--- Exercise aim ---
Beginning with the line containing "Helsinki Highlight: Visit", give every line again exactly as it is, ending with the last line of the entries.

--- Provided information ---
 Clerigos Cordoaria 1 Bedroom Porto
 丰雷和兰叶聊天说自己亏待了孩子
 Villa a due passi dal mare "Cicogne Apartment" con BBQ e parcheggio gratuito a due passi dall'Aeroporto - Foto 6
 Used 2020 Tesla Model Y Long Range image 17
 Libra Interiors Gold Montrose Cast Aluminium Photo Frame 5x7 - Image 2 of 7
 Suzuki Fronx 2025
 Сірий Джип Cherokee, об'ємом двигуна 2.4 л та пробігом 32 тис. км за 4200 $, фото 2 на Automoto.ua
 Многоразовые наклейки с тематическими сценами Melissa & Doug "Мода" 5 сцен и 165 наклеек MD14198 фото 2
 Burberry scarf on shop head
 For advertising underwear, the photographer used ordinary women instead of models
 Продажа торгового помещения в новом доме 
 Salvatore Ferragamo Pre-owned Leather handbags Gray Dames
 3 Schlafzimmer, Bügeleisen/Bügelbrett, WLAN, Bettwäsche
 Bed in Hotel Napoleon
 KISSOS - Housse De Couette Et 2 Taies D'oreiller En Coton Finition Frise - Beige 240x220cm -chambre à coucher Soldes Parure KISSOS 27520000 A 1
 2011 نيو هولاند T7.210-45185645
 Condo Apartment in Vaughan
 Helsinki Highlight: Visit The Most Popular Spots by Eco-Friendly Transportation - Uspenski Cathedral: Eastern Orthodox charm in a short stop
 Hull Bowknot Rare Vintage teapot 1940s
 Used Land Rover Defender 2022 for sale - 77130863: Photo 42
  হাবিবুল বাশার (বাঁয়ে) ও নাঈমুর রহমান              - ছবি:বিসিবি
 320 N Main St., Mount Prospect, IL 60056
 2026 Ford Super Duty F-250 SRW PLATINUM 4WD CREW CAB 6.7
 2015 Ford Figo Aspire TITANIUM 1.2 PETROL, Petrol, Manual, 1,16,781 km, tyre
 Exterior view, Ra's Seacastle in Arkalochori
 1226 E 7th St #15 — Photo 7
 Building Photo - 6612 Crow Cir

--- Expected output ---
 Helsinki Highlight: Visit The Most Popular Spots by Eco-Friendly Transportation - Uspenski Cathedral: Eastern Orthodox charm in a short stop
 Hull Bowknot Rare Vintage teapot 1940s
 Used Land Rover Defender 2022 for sale - 77130863: Photo 42
  হাবিবুল বাশার (বাঁয়ে) ও নাঈমুর রহমান              - ছবি:বিসিবি
 320 N Main St., Mount Prospect, IL 60056
 2026 Ford Super Duty F-250 SRW PLATINUM 4WD CREW CAB 6.7
 2015 Ford Figo Aspire TITANIUM 1.2 PETROL, Petrol, Manual, 1,16,781 km, tyre
 Exterior view, Ra's Seacastle in Arkalochori
 1226 E 7th St #15 — Photo 7
 Building Photo - 6612 Crow Cir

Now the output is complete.